Another described watching a wave sweep her classmates back inside the sinking boat.
The actual trial is taking place in the southern city of Gwangju, but the judges and lawyers decamped to a court in Ansan city, south of Seoul, for a special two-day session with the 17 students who agreed to testify.
Police cordons blocked public access to the district court as the students -- all from Ansan's Dawon High School -- arrived in a red mini-bus and were escorted into the building by a tight phalanx of police officers.
Although they were offered the option of testifying by video from a nearby room, five of the six female students involved in Monday's morning session chose to give their testimony in the courtroom.
The student who took the video option described how passengers suddenly slid to one side as the ferry listed heavily.
- 'The door was above our heads' -
"The internal tannoy announcement said we should put our life vest on and stay put," she was quoted as saying by a pool reporter in the court, adding that the message was given repeatedly.
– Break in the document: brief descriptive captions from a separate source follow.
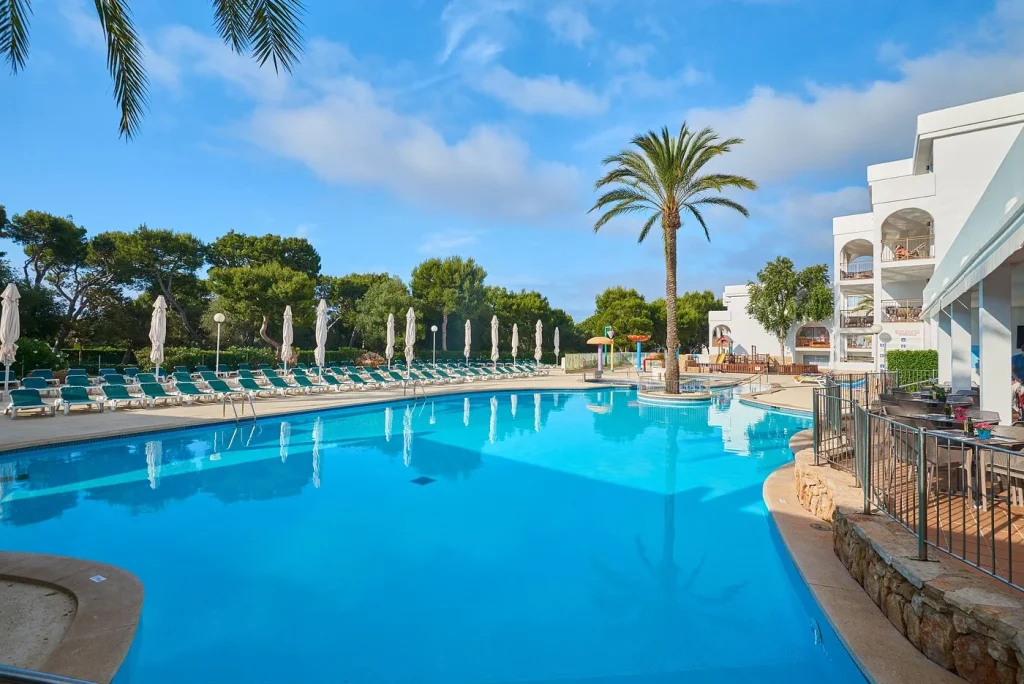 Outdoor swimming pool with palm trees at Hotel Cala d'Or Playa in Cala d'Or, Mallorca.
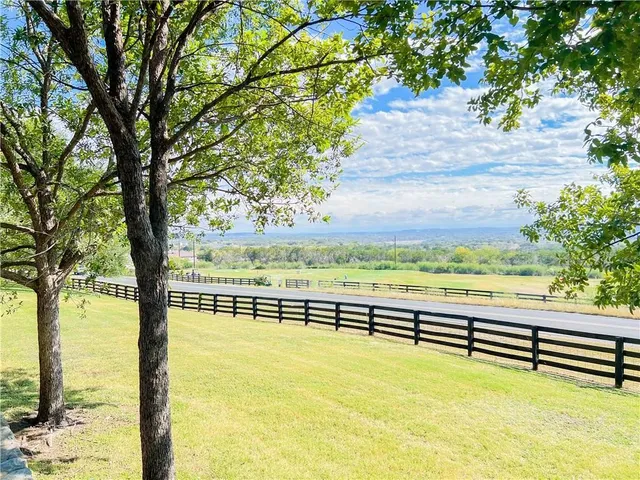 a view of an outdoor space and swimming pool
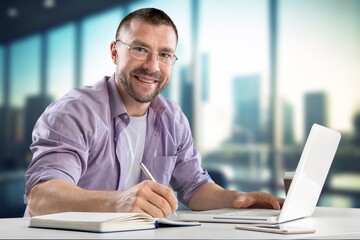 Portrait of young businessman inside office work on laptop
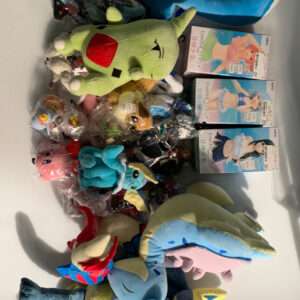 Assorted plush toys and a blue U-shaped neck pillow lying on a white surface, with various character plushies and small boxed items nearby.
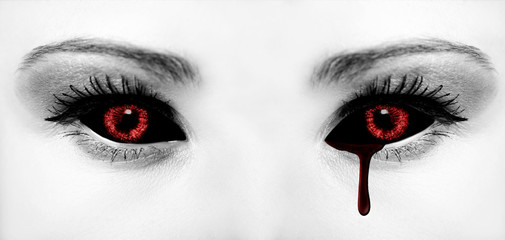 Evil black alien vampire or zombie eyes. Close up shot - obrazy, fototapety, plakaty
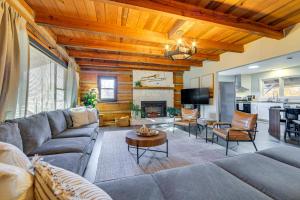 a living room with a couch and a table at Hot Tub, Game Room and Fire Pit Canton Log Cabin in Canton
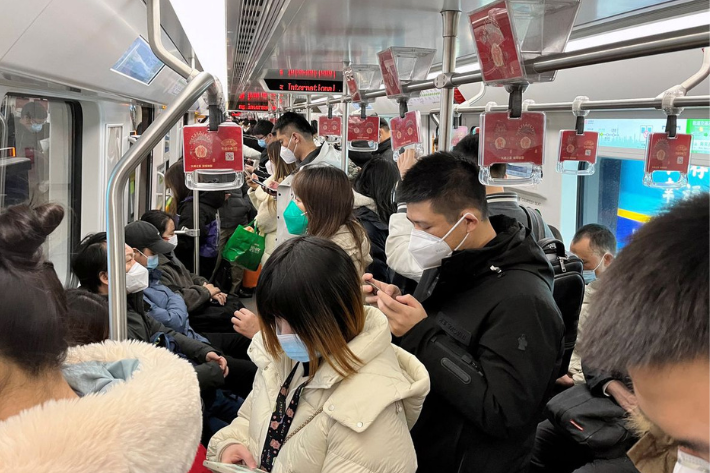 Commuters ride a subway train during the morning rush hour amid the Covid-19 outbreak, in Shanghai, China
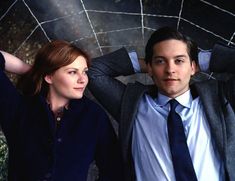 a man and woman are posing for a photo together in front of a mosaic wall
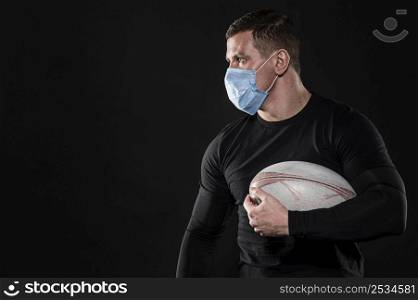 male rugby player with medical mask copy space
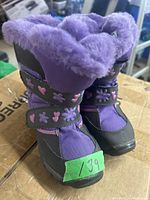 Front view of purple girls winter boots size 13M with floral and heart patterned velcro straps, lined with purple faux fur.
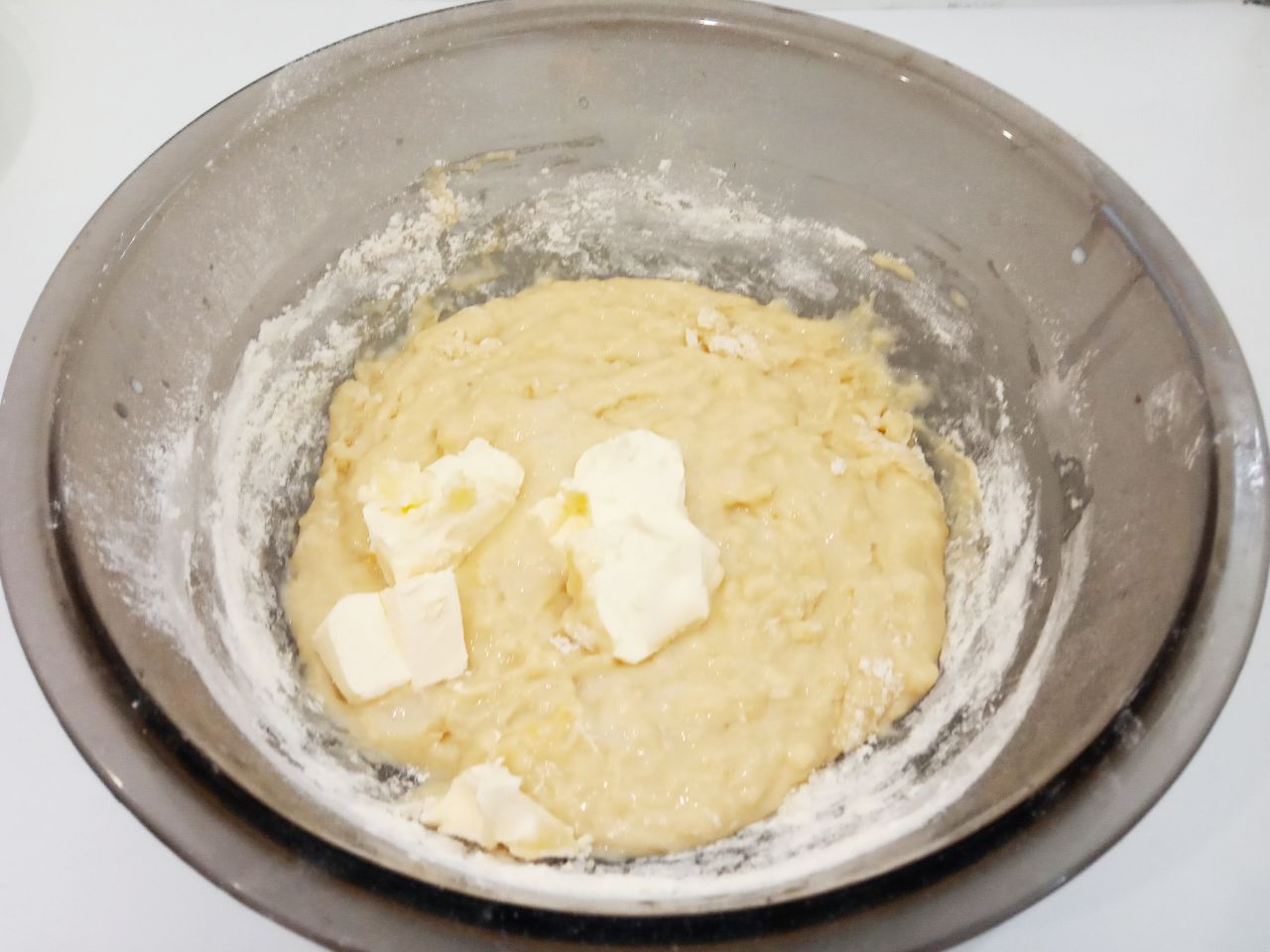 Булочки с изюмом, воздушные и мягкие: Кладем кусочками размягченное сливочное масло, размешиваем.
Of the 476 people on board the 6,825-tonne Sewol passenger ferry when it capsized on April 16 off the southern coast, 325 were Dawon High School pupils on an organised outing.
Only 75 students survived.
The female student said they had obeyed the order not to move until water started coming through the window of their cabin which, by now, was under their feet.
"The door was above our heads. We had our lifejackets on and the president of our class suggested we wait until we could float upwards and then escape," she said.
Eventually some classmates managed to clamber up fixed furniture. They pulled the others up and out as the waters inside rose.
Another witness, who testified in the courtroom, said at no time was she or those who escaped with her helped by any crew.
As the ferry keeled over to one side, she said a group of them managed to move along a now horizontal stairwell towards an escape hatch.
- 'I dream about them' -
At the moment she jumped out, a sea swell swept over their escape route.
"There were many classmates in the corridor and most of them were swept back into the ship," she recalled.
"I sometimes think about those friends ... dream about them," she added.
Despite the trauma of their experience, the teenaged witnesses spoke calmly and clearly.
The tragedy, and in particular the loss of so many young lives, rocked South Korea with an overwhelming sense of collective shock and grief.
Sewol captain Lee Joon-Seok and three senior crew members are accused of "homicide through wilful negligence" -- a charge that can carry the death penalty.
Eleven other crew are being tried on lesser violations of maritime law.
The bulk of the charges against the crew arise from the fact that Lee and the others chose to abandon ship while hundreds of people were still trapped inside.
The final death toll was just over 300.
Lee and his crew were publicly vilified in the wake of the tragedy, and there have been some expressions of concern about how fair their trial can be with emotions still running so high.
The sinking triggered a nationwide manhunt for a fugitive businessman, Yoo Byung-Eun, who headed the family which owned the company operating the Sewol.
Police announced last week that a badly decomposed body recovered six weeks ago from a field had been identified as Yoo's.